Antiretroviral therapy (ART) inhibits HIV, but it is not curative, and as only around 50% of the world’s HIV population receives effective ART, a cure is a priority. In this review article published in Cell Host & Microbe, the mechanisms behind persistence are described, highlighting findings from recent studies.
With the emergence of advanced single-cell methodologies and next-generation sequencing capacities, it is clear that the latent reservoir is dynamic, with multiple factors such as gender and age contributing to its maintenance.
The persistence is ensured through massive and sustained clonal expansion of cells infected with intact and defective proviruses. Three mechanisms may contribute to this expansion: integration in or near genes associated with cell growth, homeostatic proliferation, and antigen-driven proliferation.
During ART, a minority of HIV-1 infected cells are transcriptionally active, producing elongated HIV-1 RNA, HIV-1 proteins, and intact virions. Thus, the reservoir is heterogeneous, with a continuum from ‘deep latency’ to active virion production. Using a method to quantify unspliced HIV-1 RNA production it was estimated that 10% of circulating infected cells express detectable levels of HIV-1 RNA. Simply transcribing HIV may not be sufficient to make a cell productive, the blocks to proximal elongation, polyadenylation, and splicing may be responsible for latency.

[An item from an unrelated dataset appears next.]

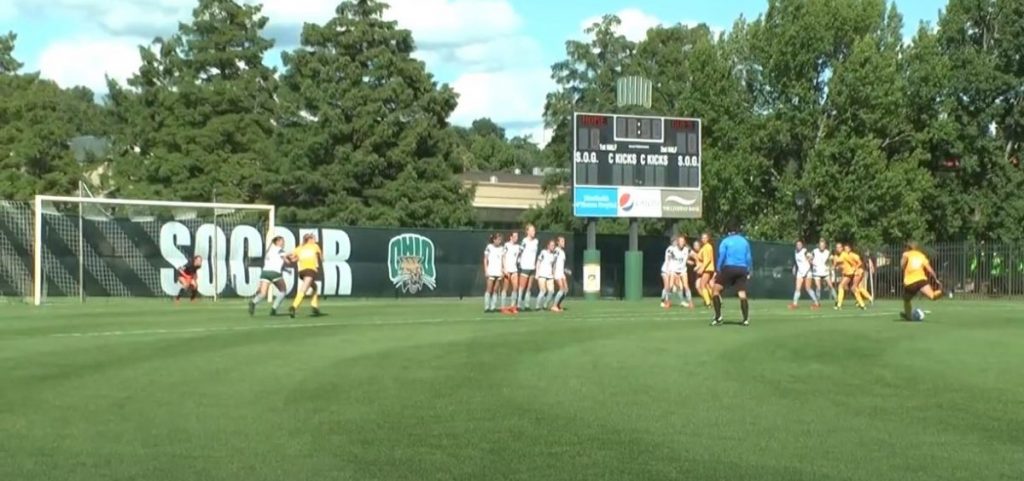 Ohio University women's soccer defends a free kick against Northern Kentucky University on Thursday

In one study, ART was started 4-5 days post-infection, revealing that a permanent latent reservoir was prevented, which may occur in patients receiving post-exposure prophylaxis (PrEP). A focus of ongoing research is the precise characterisation of cells harbouring latent infection.
Further study is required to uncover the contribution of infected cells in the periphery to viral rebound and a method to assess the whole-body virus burden in people living with HIV-1. Additional insight into immune control, by studying individuals who spontaneously control HIV-1 infection, will prove important.